The 10-minute film focuses on a young black man in a diner in anywhere-America, and delves into both subtle and obvious racism through a series of  intentionally cliched interactions with people around him.

About 30 people filled the Big 12 Room in the Kansas Union on Saturday to view the film, but no one seemed prepared for what they witnessed. 

“That’s a very painful film to watch,” Nicole Hodges Persley, an associate professor in the Department of Theatre, said.

After introducing the film excitedly, Persley continued in a somber tone.

“My voice has changed because I was changed by the film," Persley said.

Immediately after the screening, Persley said that, as a woman of color, the tropes of “Descry," though cliches to some, were day-to-day realities for her and her family.

“I think through on a daily basis whether I will see my husband when I get home,” Persley said. “And it extends into all factors of my life: will I see my students tomorrow? Will I see my colleagues?”

Joining Persley, a panel met after the film to discuss the heavy subject matter in a tense and emotional discussion that lasted for two hours.

Bleecker, the film’s writer, co-producer and cast member, Jane Barnette, an assistant professor in the theater department, Darren Canady, an associate professor in the Department of English, and Clarence Lang, a professor of African and African-American Studies each discussed their individual experiences with race and racism in America.

The discussion after the screening was an emotional experience. Members of the audience were comfortable enough to voice their varying opinions, sometimes in tears and other times in frustrated, raised voices.
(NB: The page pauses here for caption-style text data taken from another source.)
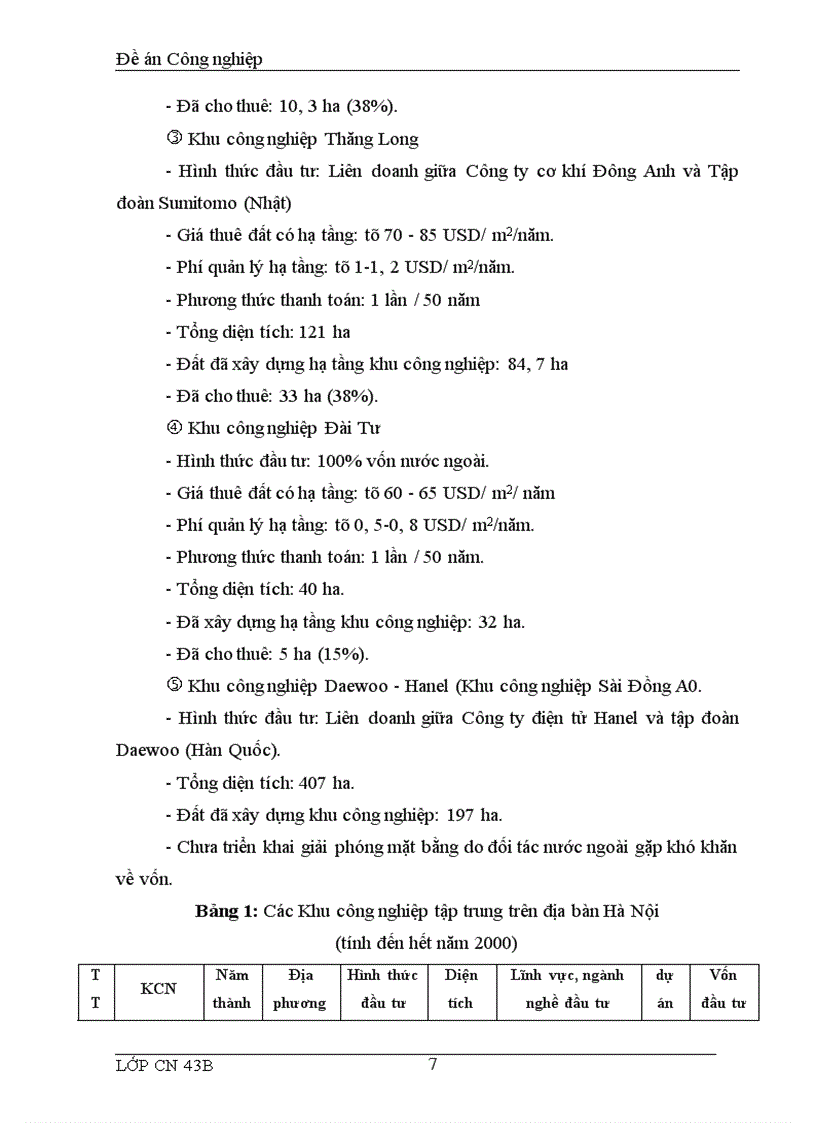 image for page Nâng cao hiệu quả hoạt động sản xuất kinh doanh của các khu công nghiệp tập trung Hà Nội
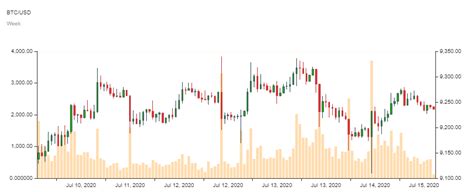 In january $4bn in options. Bitcoin worth (BTC) on the turning level: is the ...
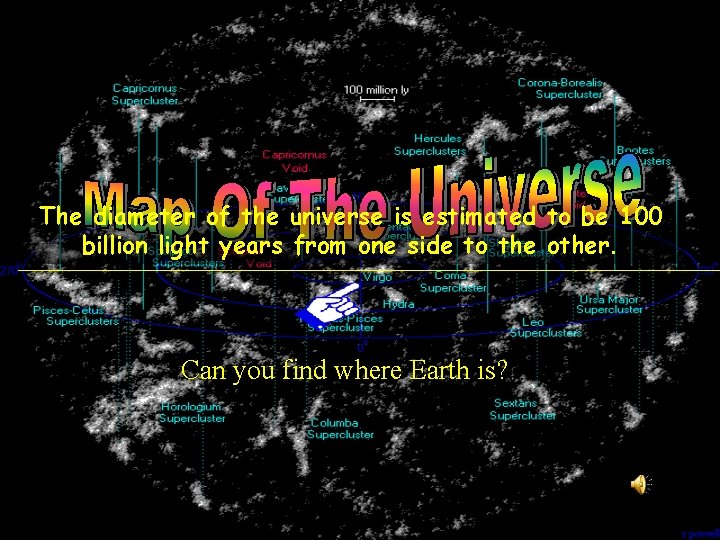 The diameter of the universe is estimated to be 100 billion light years from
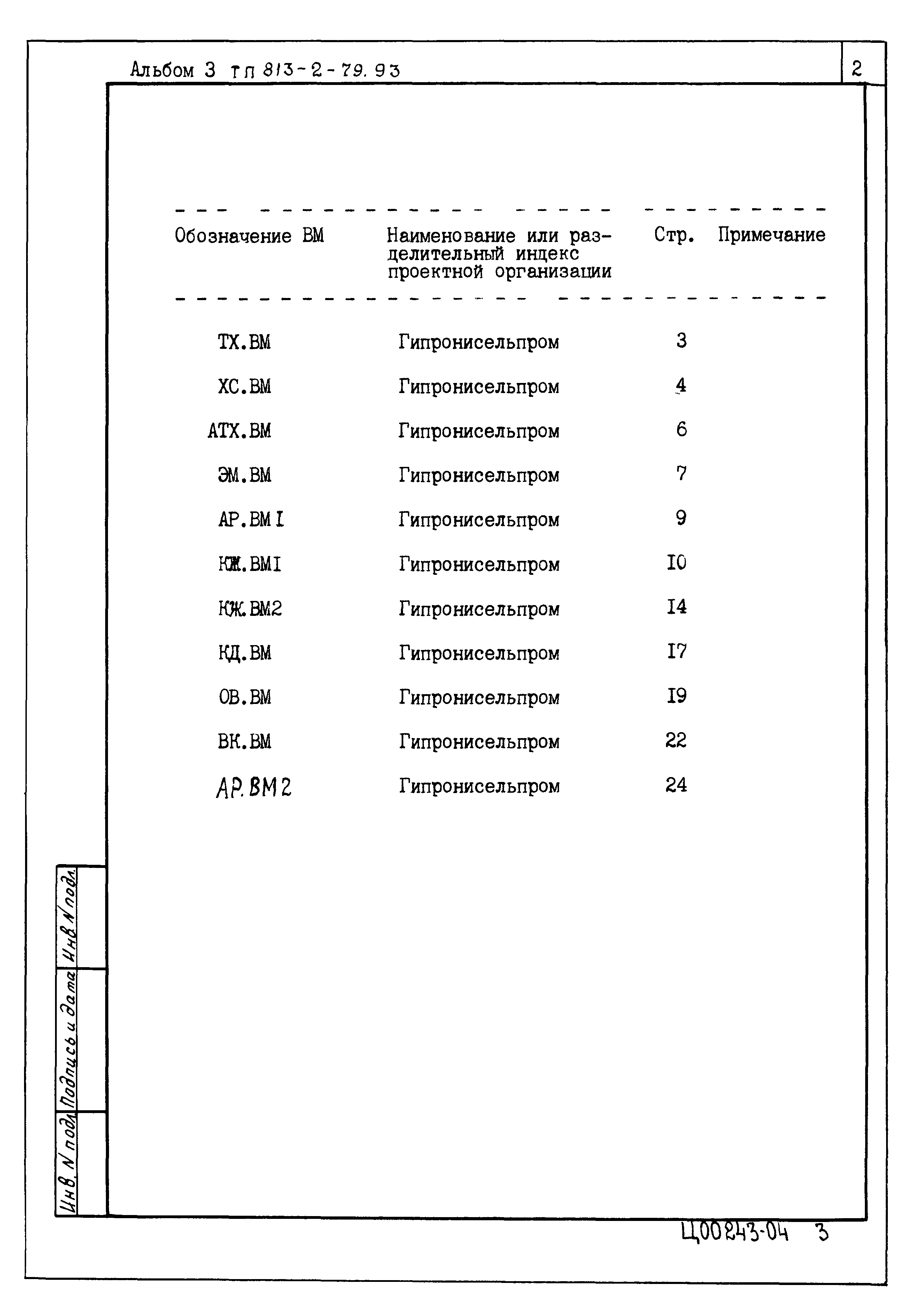 Типовой проект 813-2-79.93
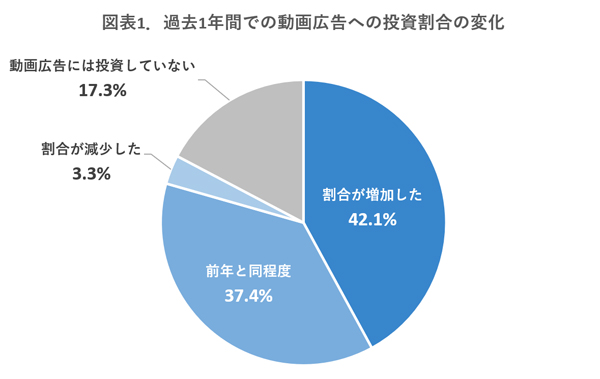 2019年5月、サイカが行った「動画広告の活用実態アンケート調査」の結果。過去1年間で広告予算全体の中で動画広告への投資が占める割合がどのように変化したかについて、42%の企業が増加したと回答している。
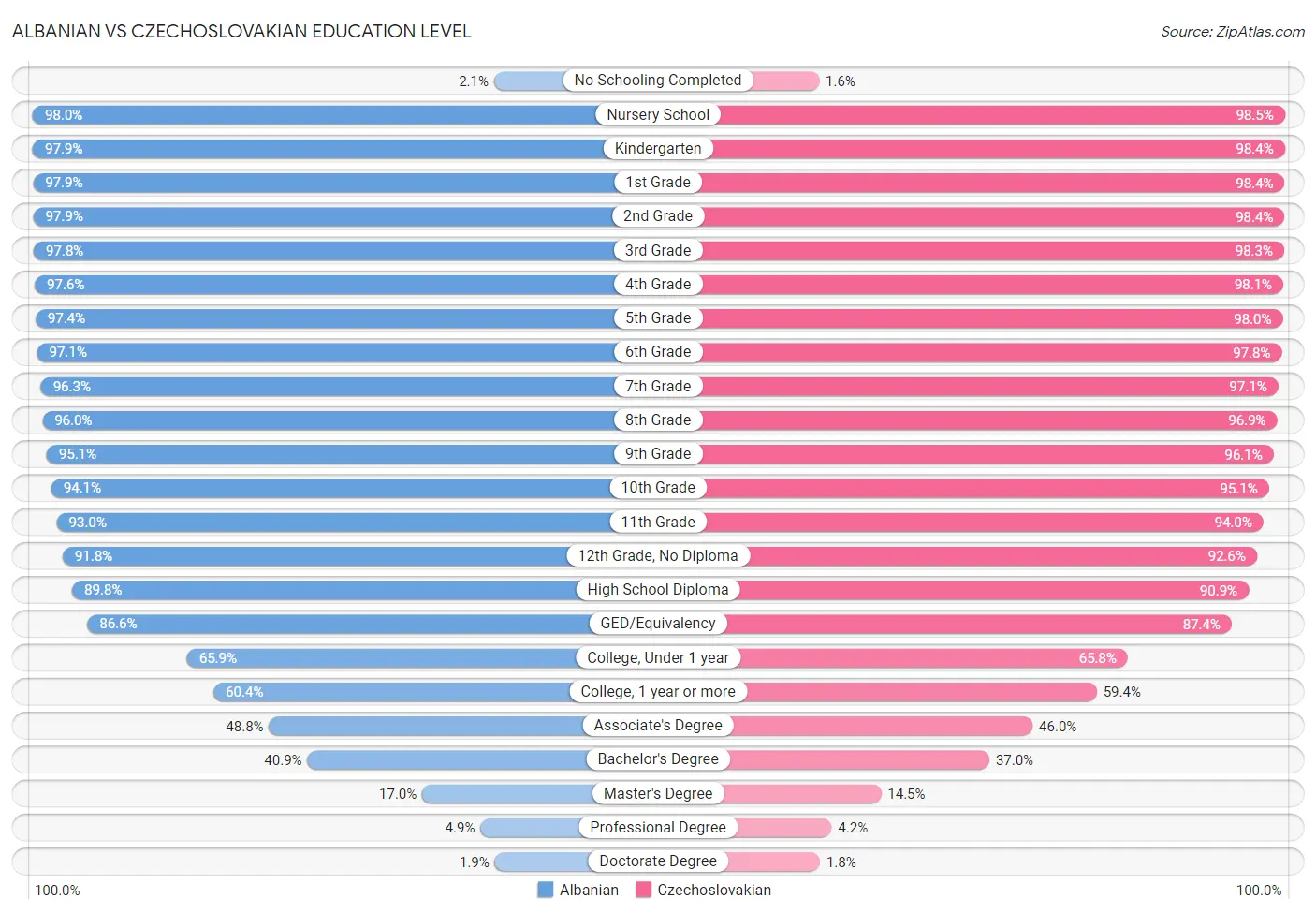 Albanian vs Czechoslovakian Education Level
“The point of the film is to make you uncomfortable,” Bleecker said. “When I first started writing this, Ferguson had just happened and I thought, 'This is something that needs to be talked about.'”

While the majority of reactions were positive, the portrayal of the stereotypical "angry black woman" trope brought some backlash against Bleecker.

"I was hurt most, not by the reflection of how people of color are treated, but how I was represented," one audience member said, in reference to the one black female character. "As a black woman, I never would have agreed to playing that part."

Bleecker agreed, and said that she used stereotypes of all the characters represented to help underline the audacity of the topic, but some were not convinced she had gone about it the right way.

"The fact that this is still a problem from people who are trying to help the situation proves that we still have a long way to go," Canady said.